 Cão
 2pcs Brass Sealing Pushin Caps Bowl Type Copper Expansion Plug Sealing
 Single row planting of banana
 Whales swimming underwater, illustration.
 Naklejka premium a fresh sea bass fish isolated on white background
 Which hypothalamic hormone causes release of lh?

....................

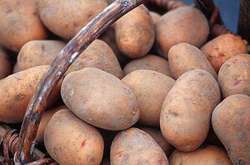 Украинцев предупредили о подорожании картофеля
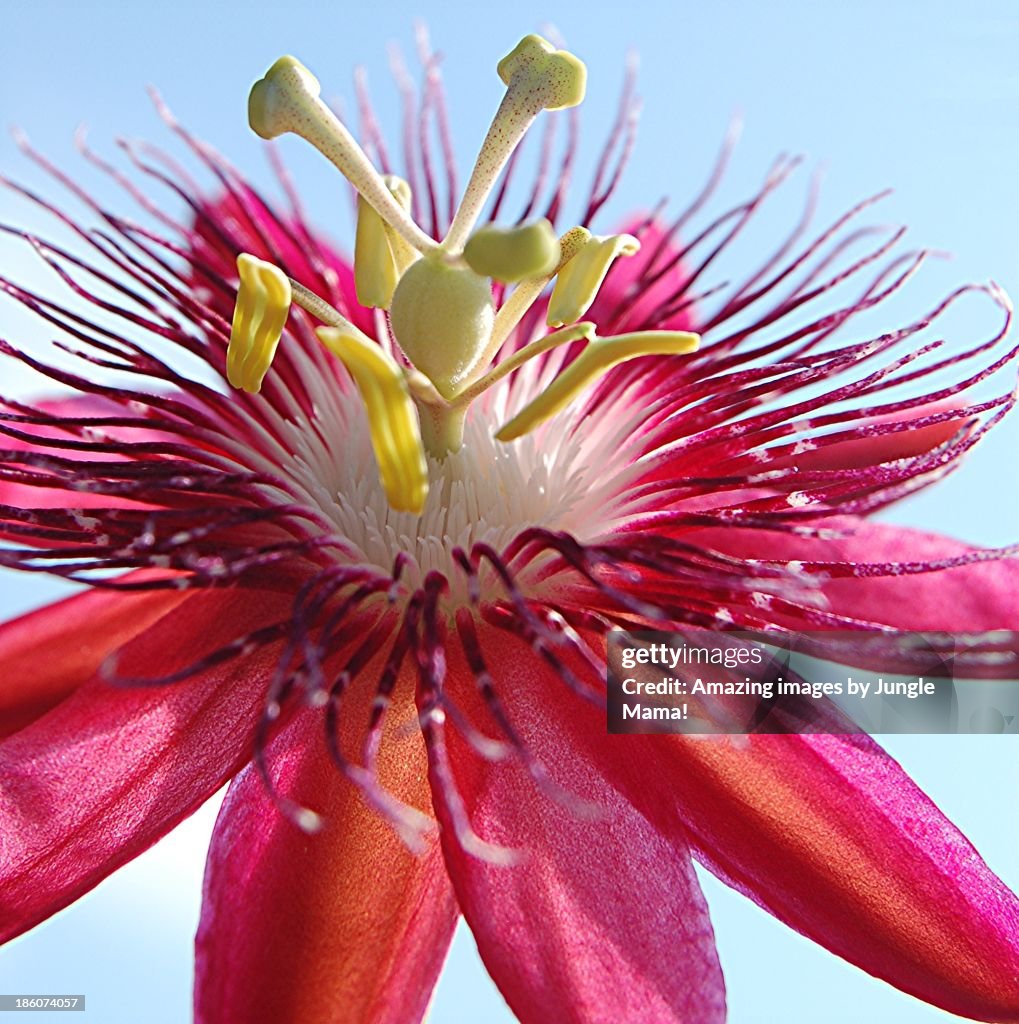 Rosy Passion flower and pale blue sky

....................

# WHAT IS NEEDED
Among the entries above, locate the lines containing "Naklejka premium a" and "Which hypothalamic hormone", and transcribe exactly those two lines and all lines between.

# RESULT BELOW
 Naklejka premium a fresh sea bass fish isolated on white background
 Which hypothalamic hormone causes release of lh?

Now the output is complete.